Prévenir avant de détecter
La détection intervient sur ce que la prévention n'a pas empêché. Or la mesure préventive la plus déterminante ne relève pas de l'outillage : c'est la séparation des fonctions, qui empêche qu'un même agent puisse initier une opération, la valider et l'enregistrer.
Une organisation qui concentre ces rôles sur une même personne produit des fraudes durablement invisibles, qu'aucune analyse a posteriori ne compense entièrement.
Source : Décret n° 2012-1246 du 7 novembre 2012, article 170
Les configurations qui appellent un examen
Ces situations sont fréquemment légitimes : un fractionnement peut résulter d'une contrainte budgétaire, un doublon d'une erreur de saisie.

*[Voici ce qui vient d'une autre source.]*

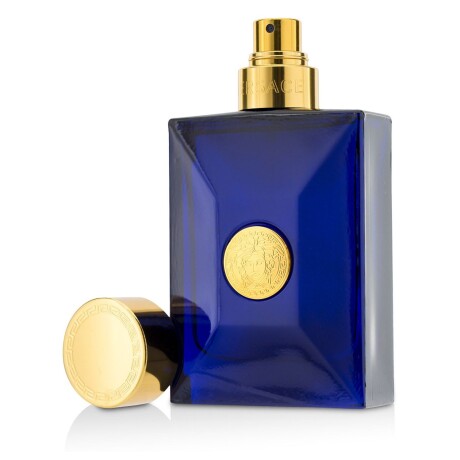 Perfume Versace Dylan Blue EDT 200ml Perfume Versace Dylan Blue EDT 200ml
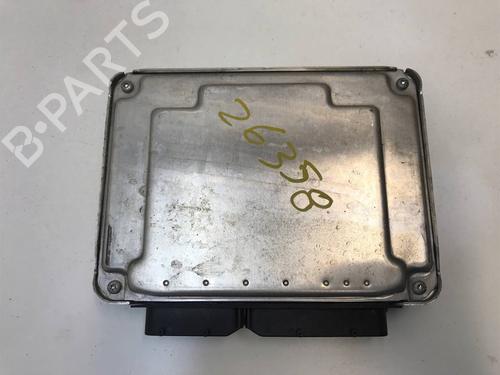Used Engine control unit (ECU) SEAT ALHAMBRA (7V8, 7V9) 1.9 TDI (131 hp) 27335373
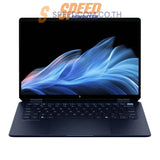 โน๊ตบุ๊ค HP OmniBook Ultra Flip 14 - fh0055TU (B17B2PA) Ultra5 สีฟ้า (Atmospheric Blue) - SpeedCom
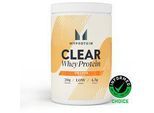 Clear Whey Isolat - 500g - 20Portionen - Orange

Leur intérêt tient à ce qu'elles concentrent l'attention sur un volume d'opérations réduit.
- Dépenses fractionnées dont les montants se situent systématiquement juste sous un seuil de validation ou de mise en concurrence
- Règlements en doublon vers un même tiers pour un même montant
- Tiers créé au référentiel puis réglé dans un délai anormalement court
- Coordonnées bancaires modifiées peu avant un paiement significatif
- Adresse ou coordonnées bancaires partagées entre un tiers et un agent
- Cumul, chez un même agent, de rôles que le contrôle interne prévoit de séparer
- Opérations saisies en dehors des périodes ou des horaires habituels
Les contrôles comptables attendus
Le 5° du II de l'article 17 de la loi Sapin II prévoit des procédures de contrôles comptables destinées à s'assurer que les livres et comptes ne servent pas à masquer des faits de corruption. Ces contrôles peuvent être internes ou confiés à un auditeur externe.
Dans les organisations hors du périmètre de l'article 17, la même logique s'applique au titre du contrôle interne comptable prévu par le décret du 7 novembre 2012 : la qualité des comptes suppose de vérifier la réalité et la justification des opérations enregistrées.
Source : Loi n° 2016-1691 du 9 décembre 2016, article 17 (5° du II)
La limite des approches automatisées
Un dispositif qui traite ses signaux comme des conclusions produit deux effets contraires à son objet : un volume d'alertes que personne n'instruit, et des mises en cause infondées d'agents dont l'opération était régulière.
La règle inverse est plus tenable : chaque signal ouvre une vérification, dont l'issue est tracée, y compris lorsqu'elle conclut à l'absence d'anomalie. C'est cette traçabilité qui permet ensuite de démontrer que le dispositif fonctionne.